On one hand, let me say that I am in no way a supporter of Nike ever since they endorsed Eagles quarterback Michael Vick as a spokesperson. Vick committed horrendous and planned acts of violence against dogs and because of that I will never buy another Nike product again. I do agree with Morial that $315 for a pair of sneakers is ridiculous, but not just because we are struggling economically. Even if I were loaded, there is no way I would spend that much money on sneakers. Yes, they are supposed the come equipped with their own electronics in the shoes to gauge how far and long you walk or run, but is that necessary? What about a $10 pedometer and a watch?
It is up to parents to help a child find their way in the world, and know that their self-worth and self-esteem are not dependent on sneakers or any other material good.
Also, why are we pandering to boys shoes for the most part as opposed to girls shoes? I’m sure my girls wouldn’t mind taking a trip to the Upper East Side to get a shiny new pair of $500 shoes for school, but that is something we can’t afford. I could grab a pair of Manolo Blahniks…if I didn’t pay the mortgage this month. Since the beginning of time, there have been ridiculously expensive shoes for girls and women but there has never been talk about asking Beverly Hills shoe shops to stop selling them.

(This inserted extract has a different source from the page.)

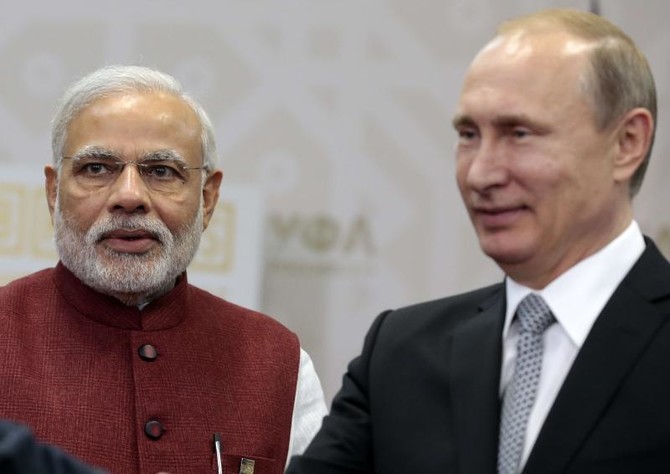 Putin tells India’s Modi will try yoga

But describing a sneaker as “twisting priorities and confusing values,” Morial’s comments are off-base. It is up to parents to help a child find their way in the world, and know that their self-worth and self-esteem are not dependent on sneakers or any other material good. Children also need to know that they just can’t get everything they want: money doesn’t just appear for big-ticket items in families, and using a credit card to purchase items you can’t afford is irresponsible. When did sneakers become a status symbol anyway?
It seems our priorities are already twisted if we allow so many kids to believe that having an expensive shoe makes them better than another or just as good as their friends. Every child is good enough just as they are, without having anything. When did we stop teaching our children that and start giving in to peer pressure?
The problem in many cases is that parents themselves are spending away in order to soothe a need in their lives. They are also trying to provide everything their kids need, falsely thinking that clothes and shoes will make them feel good. They won’t; self-esteem comes from within.
If our society weren’t so ego-driven and shallow, there would be no market for the sneakers. So instead of asking Nike to pull the shoe, I say let them sell it, and then it’s up to us parents not to buy them, and have them fall flat on their face.